_Supplied material_
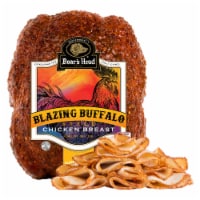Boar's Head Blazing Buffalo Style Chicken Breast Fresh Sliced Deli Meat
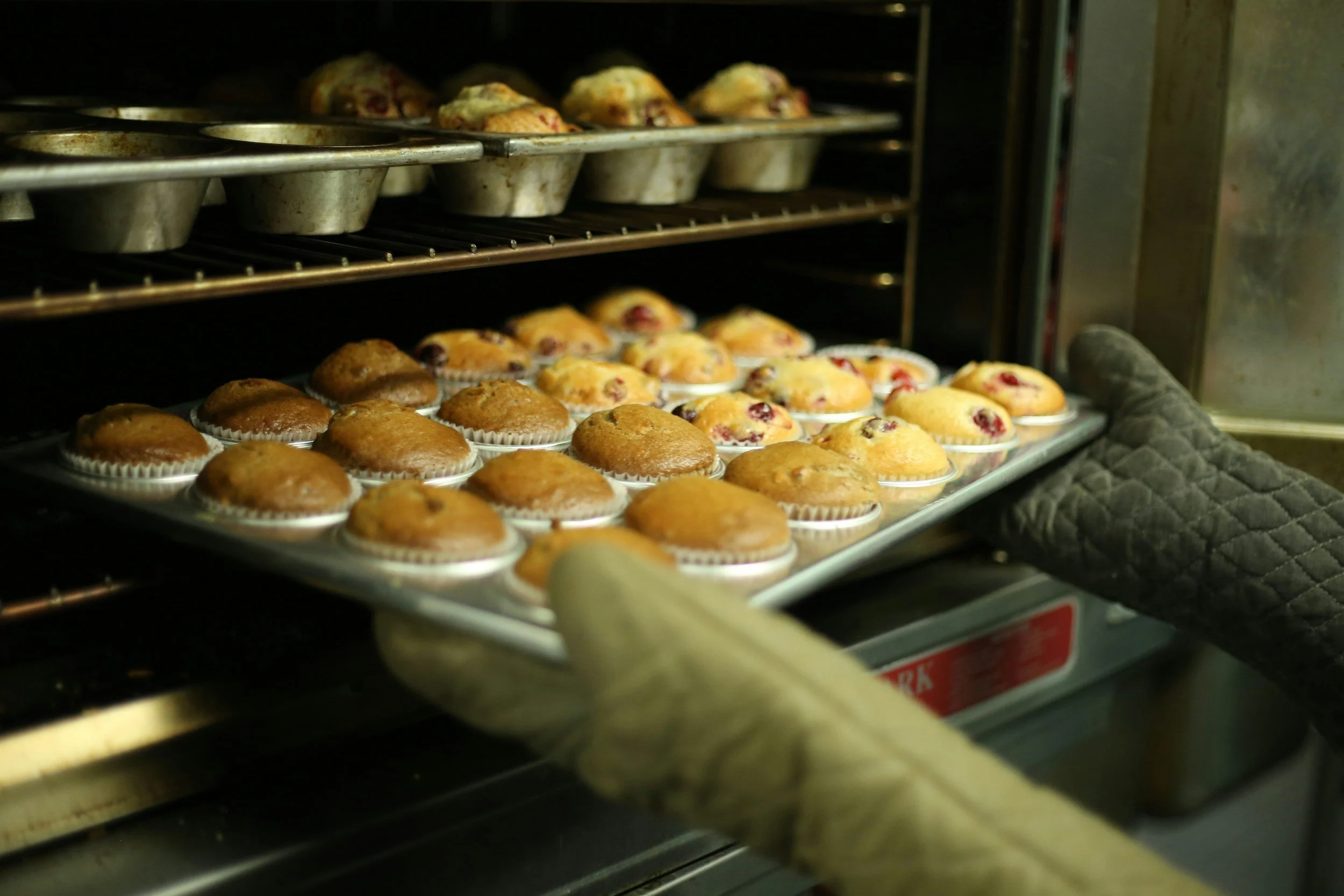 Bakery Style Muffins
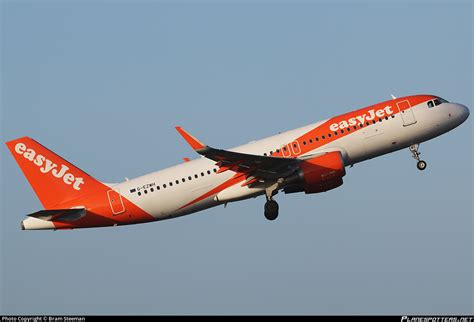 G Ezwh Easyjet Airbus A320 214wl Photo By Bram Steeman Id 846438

_Task details_
Please copy out the whole listing exactly as it stands, minus the pictures.

_Answer below_
Boar's Head Blazing Buffalo Style Chicken Breast Fresh Sliced Deli Meat
 Bakery Style Muffins
 G Ezwh Easyjet Airbus A320 214wl Photo By Bram Steeman Id 846438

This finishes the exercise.